Exercise description
When you reach the line containing "Mobile da Bagno", begin reproducing the material exactly, stop after the line containing "Akris punto Metallic", and leave out any pictures along the way.

Data for processing
*-*-*

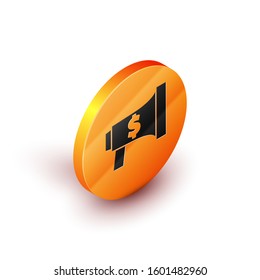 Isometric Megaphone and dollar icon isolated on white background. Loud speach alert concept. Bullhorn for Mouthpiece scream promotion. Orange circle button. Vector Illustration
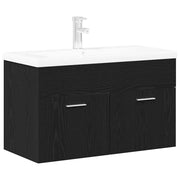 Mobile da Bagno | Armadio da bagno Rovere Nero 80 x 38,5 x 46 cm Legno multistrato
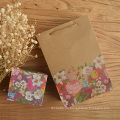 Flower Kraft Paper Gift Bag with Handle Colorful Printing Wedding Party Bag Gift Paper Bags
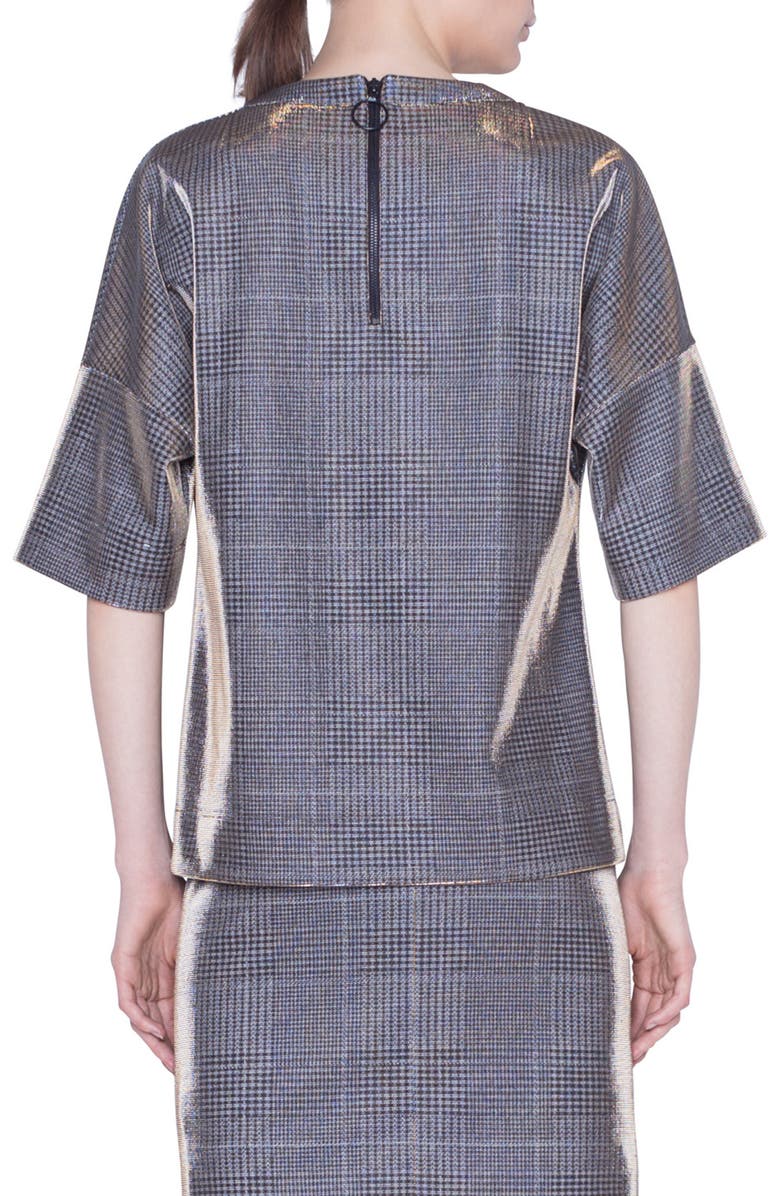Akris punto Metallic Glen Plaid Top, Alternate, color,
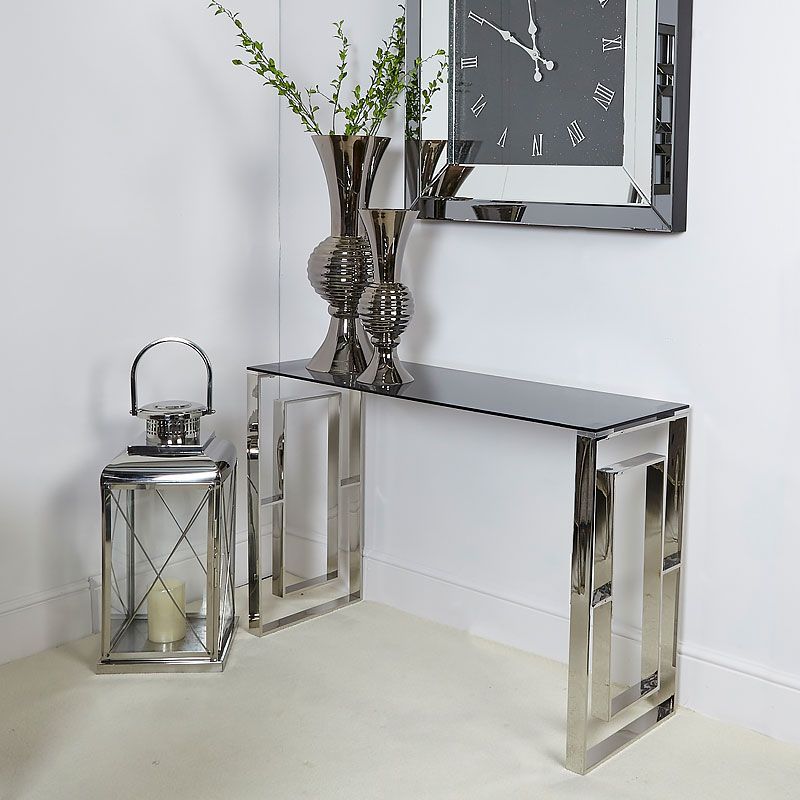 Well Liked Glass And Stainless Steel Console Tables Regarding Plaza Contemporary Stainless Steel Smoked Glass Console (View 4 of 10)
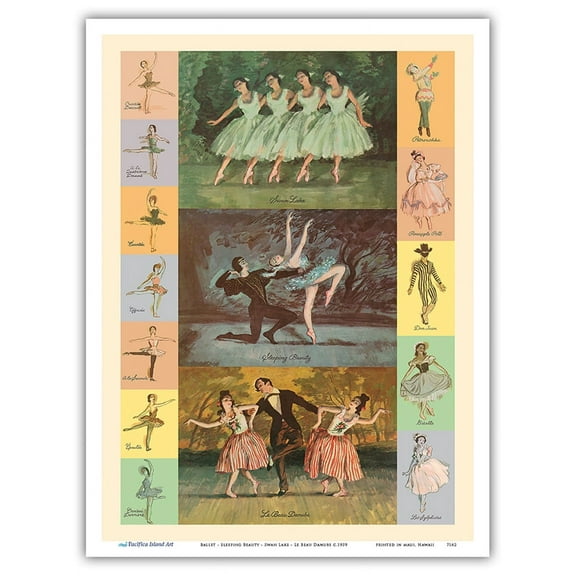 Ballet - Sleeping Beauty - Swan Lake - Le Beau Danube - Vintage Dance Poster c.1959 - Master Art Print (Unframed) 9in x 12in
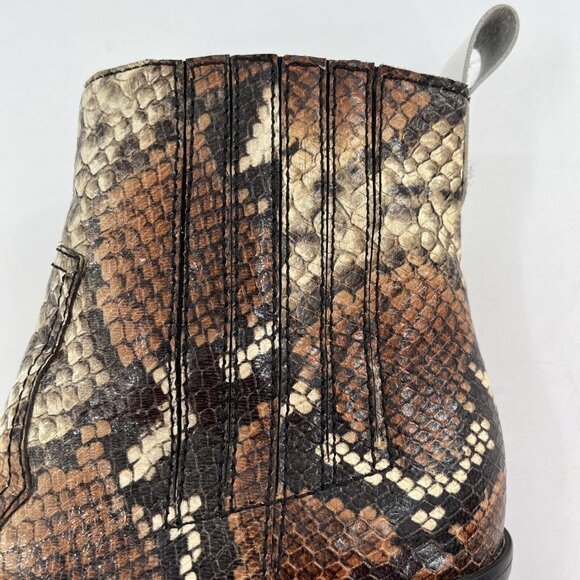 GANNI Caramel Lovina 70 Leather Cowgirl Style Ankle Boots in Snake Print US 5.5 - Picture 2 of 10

*-*-*

Solved problem
 Mobile da Bagno | Armadio da bagno Rovere Nero 80 x 38,5 x 46 cm Legno multistrato
 Flower Kraft Paper Gift Bag with Handle Colorful Printing Wedding Party Bag Gift Paper Bags
Akris punto Metallic Glen Plaid Top, Alternate, color,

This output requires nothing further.